- _DATASET EXTRACT_:

[Start of section]

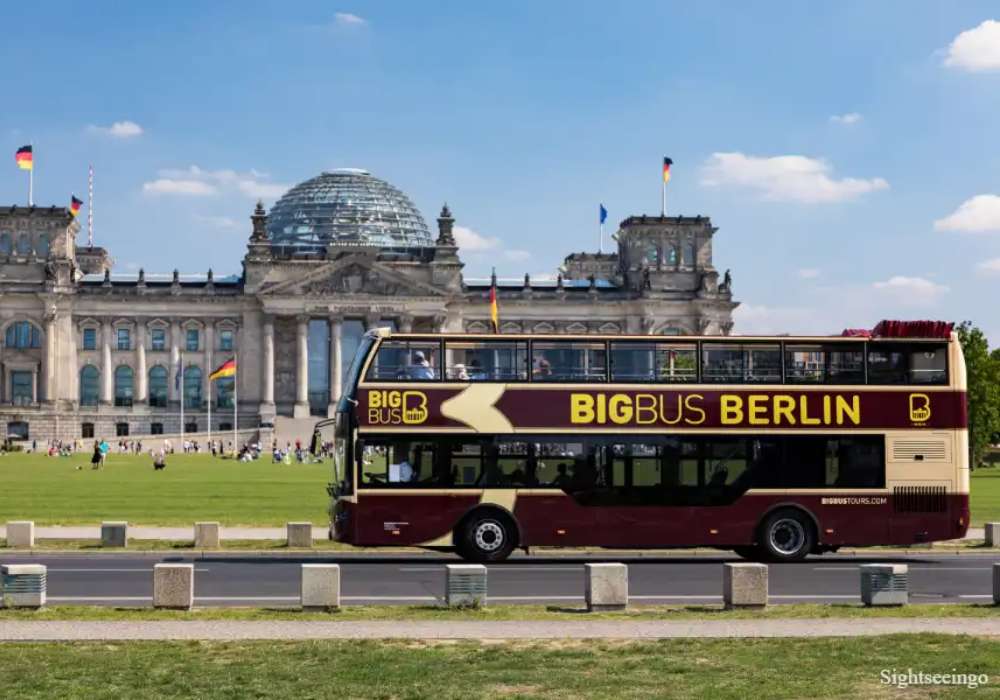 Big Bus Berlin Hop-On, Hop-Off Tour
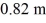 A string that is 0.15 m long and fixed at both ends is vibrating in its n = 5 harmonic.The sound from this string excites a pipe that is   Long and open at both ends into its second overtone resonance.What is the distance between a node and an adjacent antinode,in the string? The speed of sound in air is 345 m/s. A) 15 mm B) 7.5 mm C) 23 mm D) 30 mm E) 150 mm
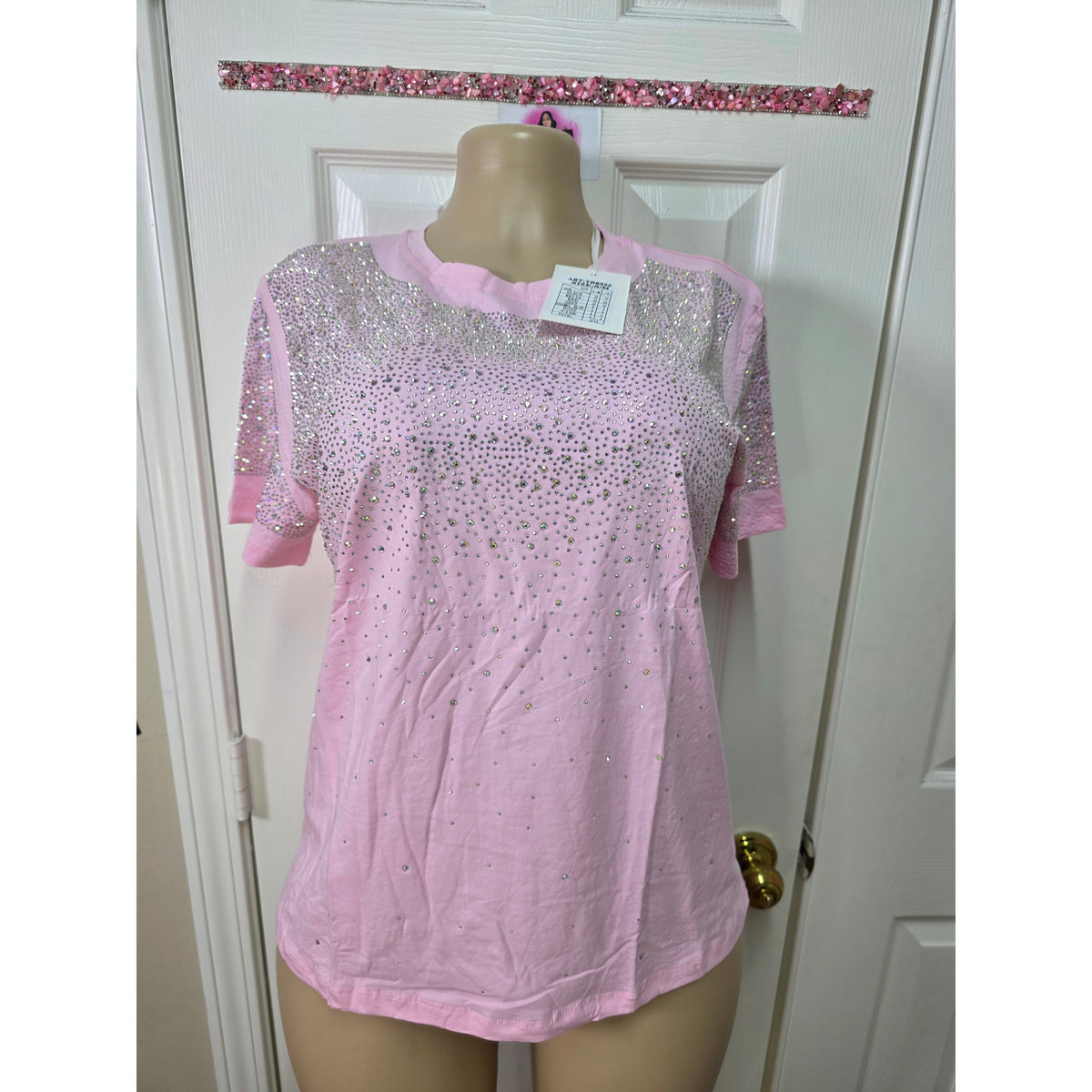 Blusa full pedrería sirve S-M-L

[End of section]

- _TASK STATEMENT_: Would you retype every line shown above exactly, leaving the pictures aside?

- _SOLUTION TO THIS PROBLEM_:
 Big Bus Berlin Hop-On, Hop-Off Tour
 A string that is 0.15 m long and fixed at both ends is vibrating in its n = 5 harmonic.The sound from this string excites a pipe that is   Long and open at both ends into its second overtone resonance.What is the distance between a node and an adjacent antinode,in the string? The speed of sound in air is 345 m/s. A) 15 mm B) 7.5 mm C) 23 mm D) 30 mm E) 150 mm
 Blusa full pedrería sirve S-M-L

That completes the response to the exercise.